What the task requires: Write out every entry exactly as given, but omit the pictures.

----------------------------------------

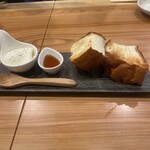 焼き鳥と餃子 ごくう - 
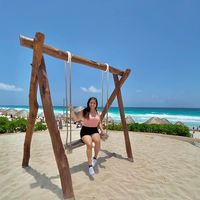 Lily Flores's profile image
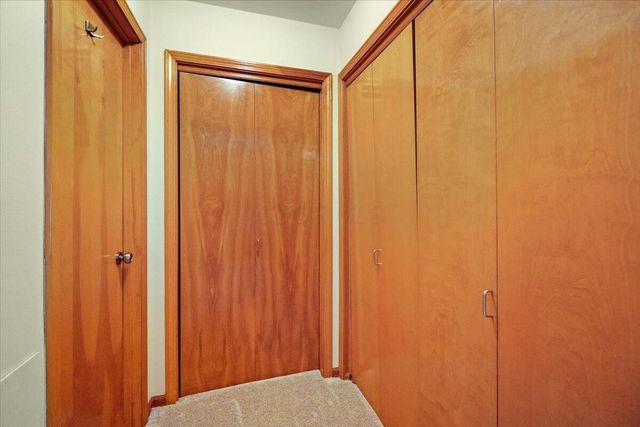 5040 Blendon Pond Drive, Westerville, OH 43081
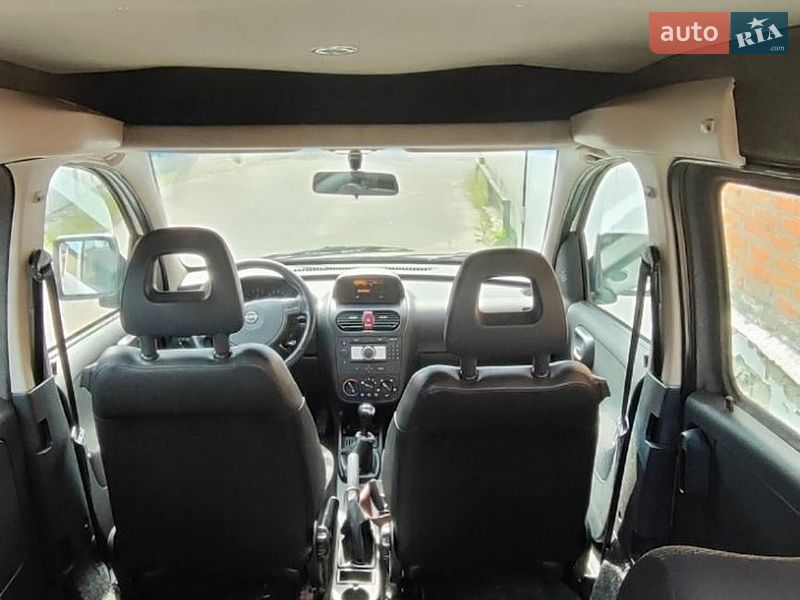 Минивэн Opel Combo 2009 в Киеве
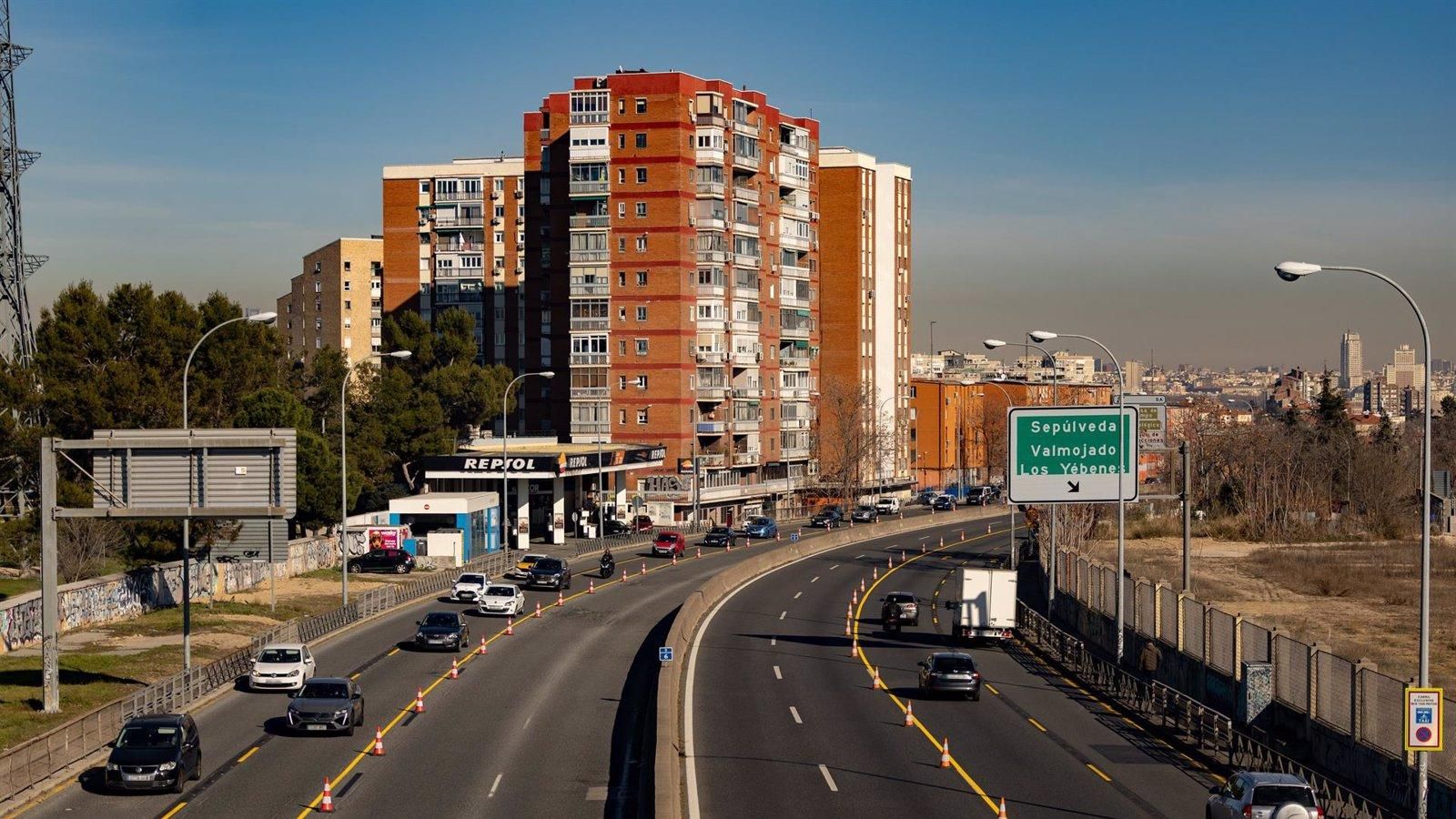 Mejora el tráfico en la A-5 tras el segundo día de los cortes por las obras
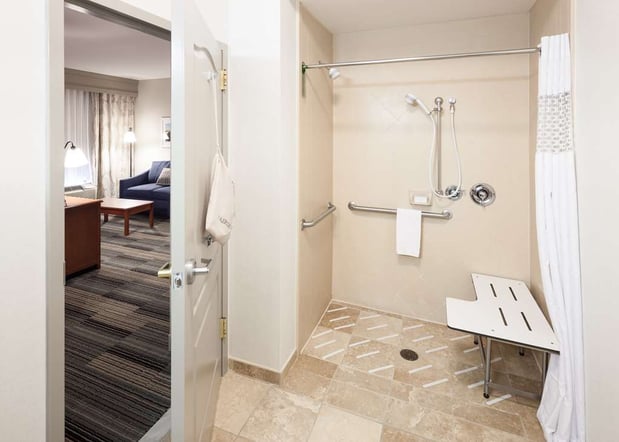 Images Hampton Inn & Suites Cedar Rapids - North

----------------------------------------

Result:
 焼き鳥と餃子 ごくう - 
 Lily Flores's profile image
 5040 Blendon Pond Drive, Westerville, OH 43081
 Минивэн Opel Combo 2009 в Киеве
 Mejora el tráfico en la A-5 tras el segundo día de los cortes por las obras
 Images Hampton Inn & Suites Cedar Rapids - North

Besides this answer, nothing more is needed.